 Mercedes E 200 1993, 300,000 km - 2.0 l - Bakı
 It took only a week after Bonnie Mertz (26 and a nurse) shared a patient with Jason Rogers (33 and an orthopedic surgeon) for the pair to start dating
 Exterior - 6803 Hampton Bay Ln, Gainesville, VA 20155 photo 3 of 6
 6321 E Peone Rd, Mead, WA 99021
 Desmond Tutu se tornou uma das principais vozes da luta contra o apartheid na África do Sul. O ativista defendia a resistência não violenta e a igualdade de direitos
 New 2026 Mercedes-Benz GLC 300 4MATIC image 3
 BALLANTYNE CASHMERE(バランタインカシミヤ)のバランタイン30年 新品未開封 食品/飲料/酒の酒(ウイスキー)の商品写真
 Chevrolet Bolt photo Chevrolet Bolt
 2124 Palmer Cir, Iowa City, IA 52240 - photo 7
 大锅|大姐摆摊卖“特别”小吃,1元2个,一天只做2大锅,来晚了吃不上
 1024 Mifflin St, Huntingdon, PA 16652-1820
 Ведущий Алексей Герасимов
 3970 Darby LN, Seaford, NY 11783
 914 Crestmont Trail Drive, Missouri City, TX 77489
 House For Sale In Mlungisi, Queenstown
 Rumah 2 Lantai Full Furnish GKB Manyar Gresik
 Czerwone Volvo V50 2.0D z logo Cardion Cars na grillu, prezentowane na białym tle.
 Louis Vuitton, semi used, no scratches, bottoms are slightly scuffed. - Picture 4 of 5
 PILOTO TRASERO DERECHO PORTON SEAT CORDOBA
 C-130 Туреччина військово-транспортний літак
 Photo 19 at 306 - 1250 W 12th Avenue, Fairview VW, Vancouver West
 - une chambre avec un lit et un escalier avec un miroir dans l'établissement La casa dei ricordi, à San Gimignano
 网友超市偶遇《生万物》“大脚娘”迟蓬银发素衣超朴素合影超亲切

......

What you will do:
Word for word, restate the lines of the listing above starting at the line with "BALLANTYNE CASHMERE(バランタインカシミヤ)のバランタイン30年 新品未開封" and ending at the line with "914 Crestmont Trail", and nothing outside them.

Task result:
 BALLANTYNE CASHMERE(バランタインカシミヤ)のバランタイン30年 新品未開封 食品/飲料/酒の酒(ウイスキー)の商品写真
 Chevrolet Bolt photo Chevrolet Bolt
 2124 Palmer Cir, Iowa City, IA 52240 - photo 7
 大锅|大姐摆摊卖“特别”小吃,1元2个,一天只做2大锅,来晚了吃不上
 1024 Mifflin St, Huntingdon, PA 16652-1820
 Ведущий Алексей Герасимов
 3970 Darby LN, Seaford, NY 11783
 914 Crestmont Trail Drive, Missouri City, TX 77489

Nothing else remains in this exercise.